Monday, Oct. 13, 1947
The Case of Professor Pancho
J. Frank Dobie is a maverick and a Texan. He can quote Wordsworth or Shelley at length--but he is also a he-man who once ran a 250,000-acre ranch. At the University of Texas, where he has taught for 28 years, Dobie likes to be called Professor Pancho. His lecture preambles--"Now, I'll tell you a little story of Liver-Eating Johnson . . ."--have delighted thousands of students. He refused to move into the new skyscraperish university tower. "It looks like a toothpick in a pie," he said, and opened an office in the oldest building on the campus.
There, surrounded by steer horns and bottles that once held "Judge" Roy Bean's beer, he wrote books of folklore that made him the Southwest's most raucously successful cultural historian ("The lies I tell are authentic"). On his door hung a sign: "Office Hours: Irregular."

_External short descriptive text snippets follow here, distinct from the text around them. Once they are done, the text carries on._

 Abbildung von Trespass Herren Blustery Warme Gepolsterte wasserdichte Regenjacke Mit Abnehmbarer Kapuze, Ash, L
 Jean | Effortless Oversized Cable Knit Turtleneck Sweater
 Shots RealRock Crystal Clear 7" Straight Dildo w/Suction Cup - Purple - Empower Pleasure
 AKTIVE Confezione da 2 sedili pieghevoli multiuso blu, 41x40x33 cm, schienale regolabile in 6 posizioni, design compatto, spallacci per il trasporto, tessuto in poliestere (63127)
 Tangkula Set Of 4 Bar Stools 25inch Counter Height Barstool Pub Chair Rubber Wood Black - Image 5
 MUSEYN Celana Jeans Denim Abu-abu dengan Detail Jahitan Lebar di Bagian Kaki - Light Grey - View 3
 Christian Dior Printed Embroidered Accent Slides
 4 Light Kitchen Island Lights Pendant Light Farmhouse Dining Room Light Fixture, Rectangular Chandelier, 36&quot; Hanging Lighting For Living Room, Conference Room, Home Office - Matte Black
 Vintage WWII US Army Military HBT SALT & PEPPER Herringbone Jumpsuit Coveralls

Professor Pancho had other irregularities that Texas University's Board of Regents liked less. As friend and supporter of ex-President Homer Price Rainey, another maverick, he long ago earned the regents' enmity. Rainey refused to be bossed by the regents, would not remove John Dos Passos' U.S.A. from the library shelves, would not dismiss teachers whom the regents considered leftist. When Rainey was fired, three years ago, Frank Dobie told a Kiwanis meeting that "no self-respecting, able member of the present faculty would serve as president. But the regents will have no trouble finding a bootlicker or a quisling...." A few days later, the regents named Theophilus Shickel Painter, a mild-mannered zoology professor, as president. Governor Coke Stevenson told the regents that, if he were one of them, he would fire Dobie "without batting an eye."

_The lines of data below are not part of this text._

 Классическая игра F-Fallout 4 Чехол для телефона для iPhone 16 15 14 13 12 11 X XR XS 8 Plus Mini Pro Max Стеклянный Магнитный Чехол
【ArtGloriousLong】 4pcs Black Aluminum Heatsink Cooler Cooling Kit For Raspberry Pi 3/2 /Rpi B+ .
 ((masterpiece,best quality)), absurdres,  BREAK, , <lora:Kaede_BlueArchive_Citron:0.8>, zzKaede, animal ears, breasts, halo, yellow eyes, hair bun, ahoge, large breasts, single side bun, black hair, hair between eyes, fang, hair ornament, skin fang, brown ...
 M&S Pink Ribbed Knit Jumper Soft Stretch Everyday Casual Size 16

Tranquil with an If. President Painter didn't fire Dobie, but he did bat an eye. After his first year in office, he reported that everything was now tranquil on the campus, and that he would not tolerate "any further attempts on the part of individuals within our staff ... to besmirch the good reputation of the university." Dobie decided that that meant him. In the weekly Texas Spectator, he called Painter "a flunky of the Laval pattern."

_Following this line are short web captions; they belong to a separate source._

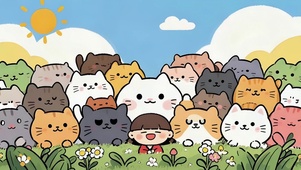 可爱一群猫咪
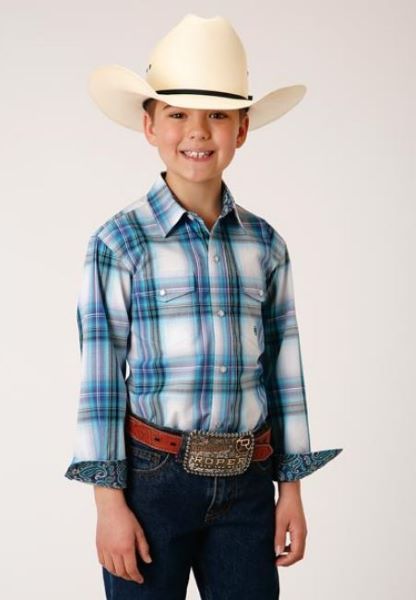 Roper Clear Sky Teal/Green Plaid Boy's Amarillo Longsleeve Snap Shirt 0303002782085GR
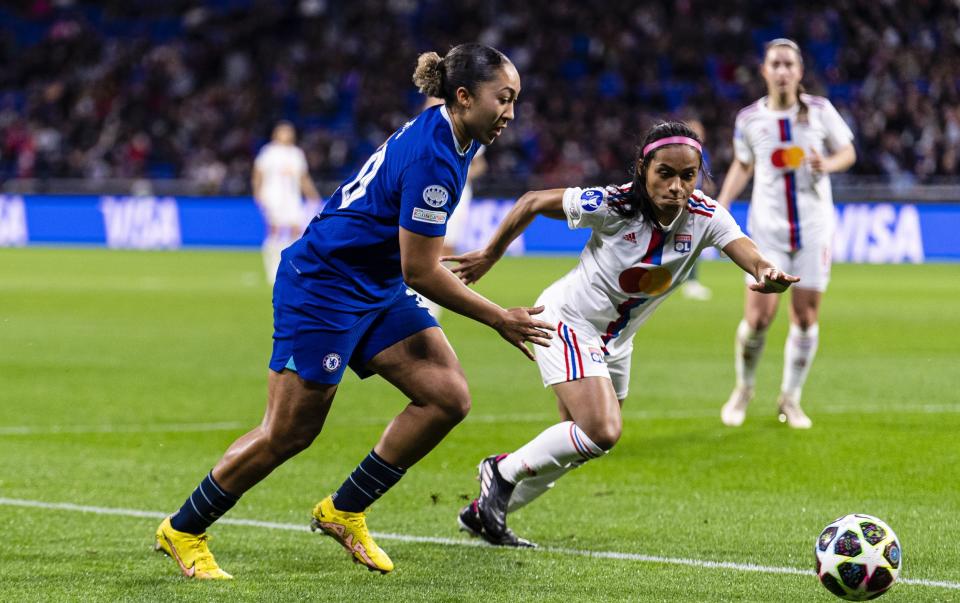 Lauren James in action for Chelsea in Lyon - Chelsea pull off statement Champions League victory in Lyon - Getty Images/Marcio Machado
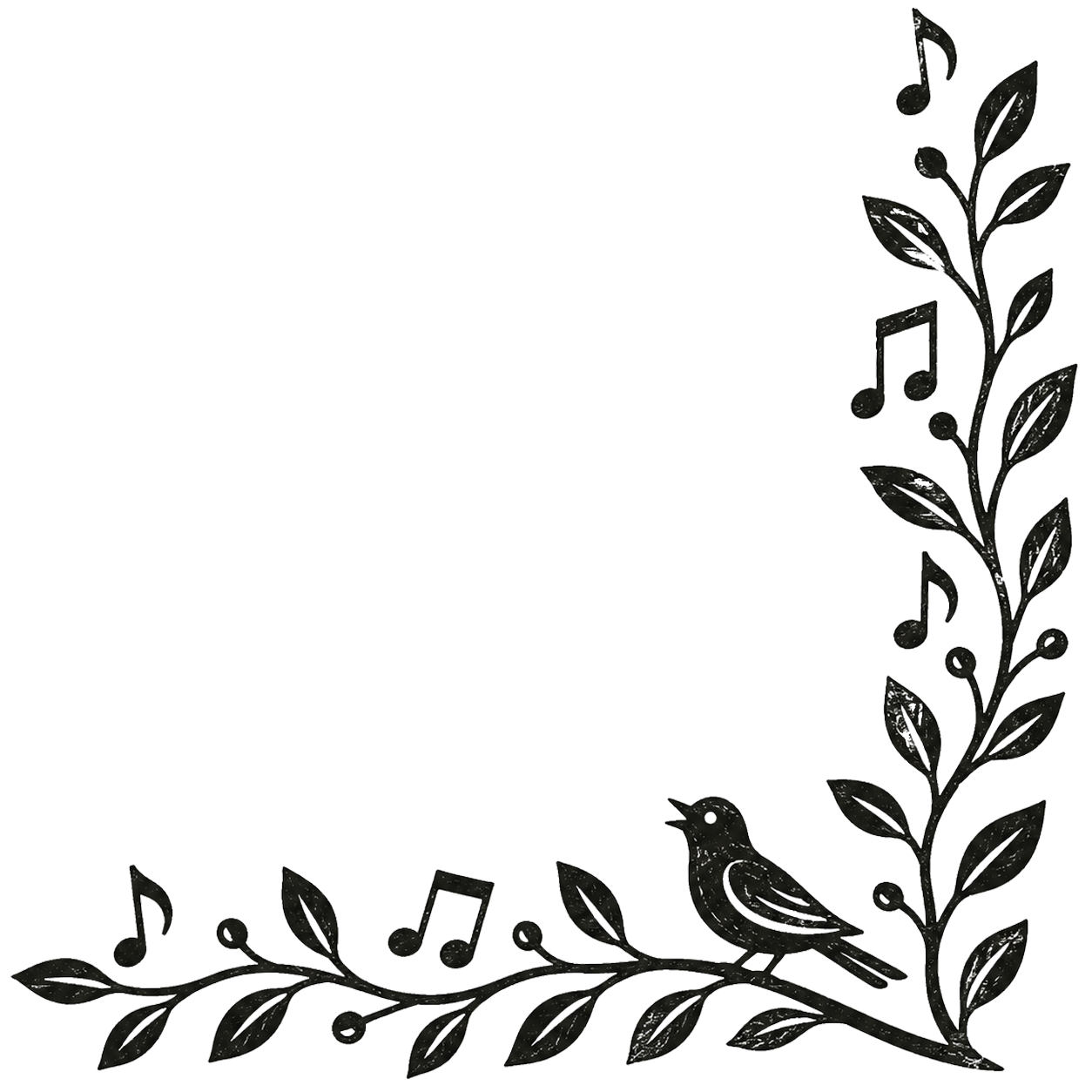 Decorative black frame with musical notes, leaves, and a bird on a branch along the edges.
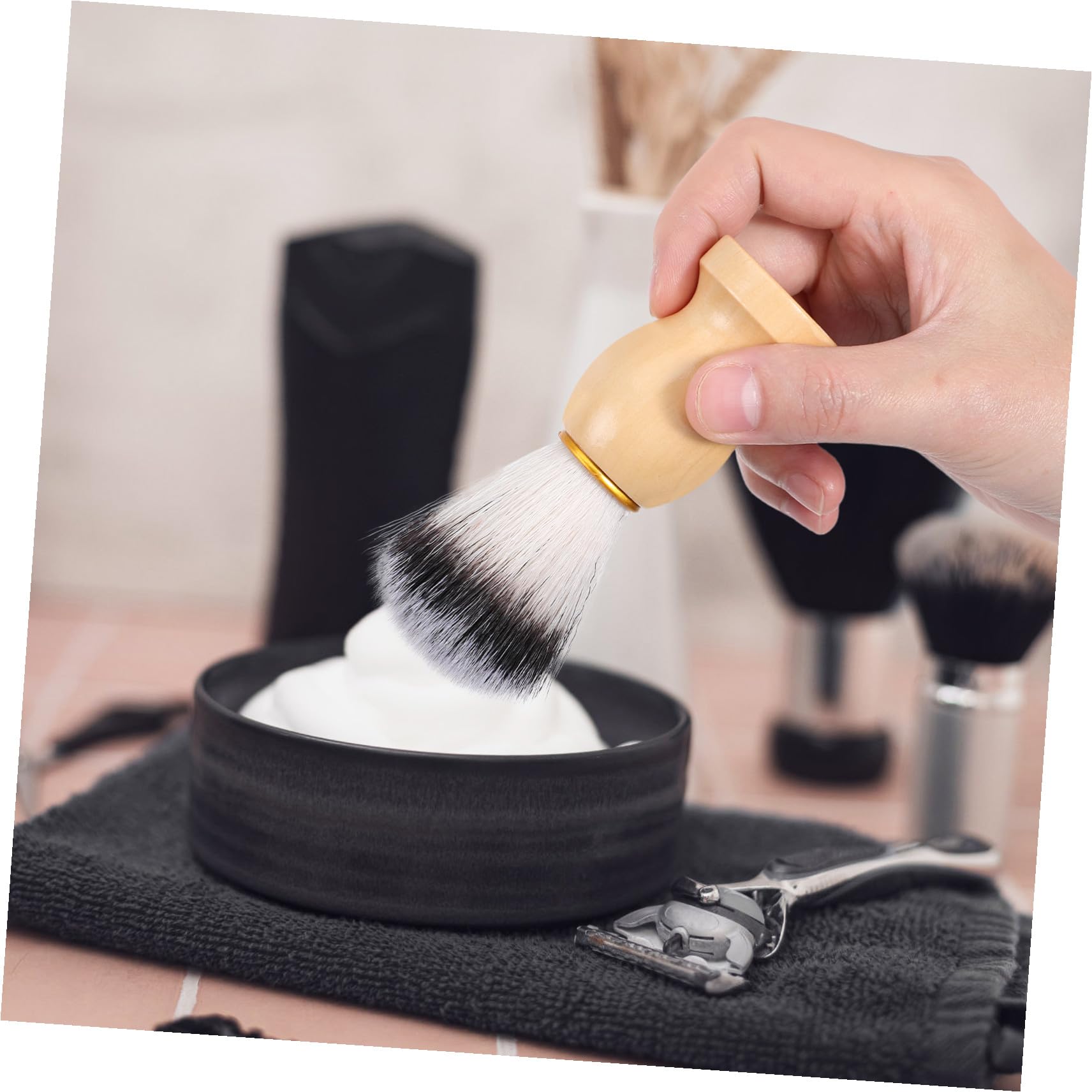 10 Pezzi Spazzola Barba Uomo con Setole Morbide Nylon Manico Ergonomico in Legno Resistente all Acqua per Cura Delicata e Rasatura Precisa Quotidiana Viaggio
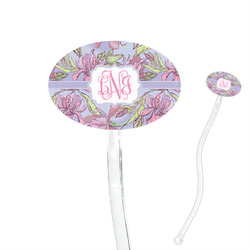 Orchids 7" Oval Plastic Stir Sticks - Clear (Personalized)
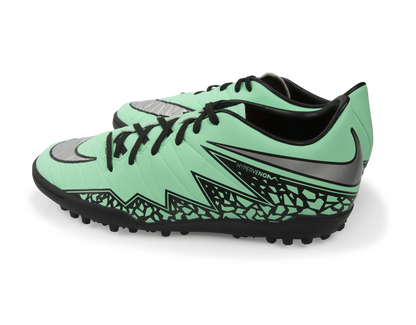 Nike Men's Hypervenom Phelon Turf Soccer Shoes Green Glow/Metallic Silver/Hyper Orange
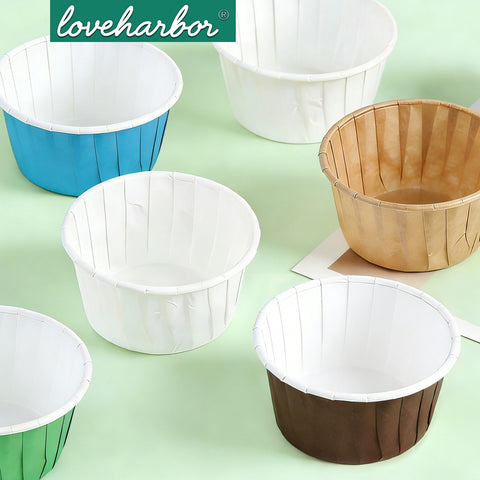 Loveharbor White Muffin Paper Cup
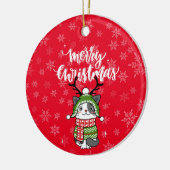 かわいい猫クリスマスストッキング詰め込み職人ガロール セラミックオーナメント (左)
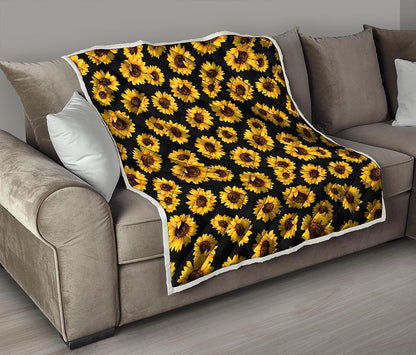 Black Sunflower Pattern Print Quilt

Painter and the regents decided that Dobie must go. The problem was how to get rid of him, for he was the biggest name on the Texas campus. Finally, a way was found. For years, Dobie had taken leave without pay during the fall term to write, and to avoid the hay-fever season. This year, when he applied for leave as usual, Painter refused it, said he must stay on the job. No, said Dobie: hay fever "devastated" him. President Painter thereupon issued a statement: "By this action, Dobie's connection with the university has terminated. . . ."
Maverick in a Trap. Last week, 250 students organized a torchlight parade, marched to Professor Pancho's house to say goodbye. The university's respected Historian Walter Prescott Webb called upon Painter to rehire Dobie. "The truth of the matter," said he, "is that Mr. Dobie has walked with stubborn unconcern into a trap."
J. Frank Dobie kept unusually quiet, for him. He did say one thing: that he was writing a book about coyotes, and might have to include a discussion of the human branch of the species.